··· Supplied information ···

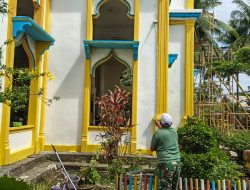 Koramil 03/Dewantara Bersama Warga Laksanakan Pengecatan Masjid Miftahul Jannah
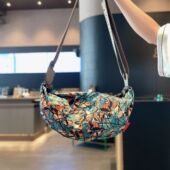 超火包包女2026新款 饺子包腰包女士斜挎包休闲帆布轻便旅游外出小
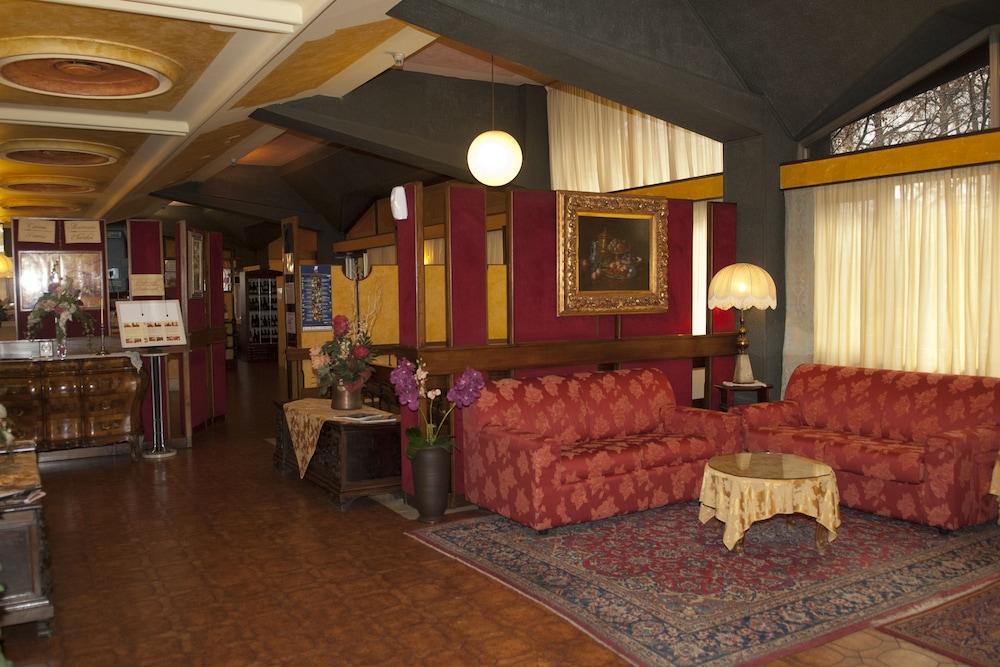 Ai Ronchi Motor Hotel Brescia Luaran gambar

···

__Work required__.
Return all of the material precisely as written. No picture belongs in it.

__Response for this exercise__.
 Koramil 03/Dewantara Bersama Warga Laksanakan Pengecatan Masjid Miftahul Jannah
 超火包包女2026新款 饺子包腰包女士斜挎包休闲帆布轻便旅游外出小
 Ai Ronchi Motor Hotel Brescia Luaran gambar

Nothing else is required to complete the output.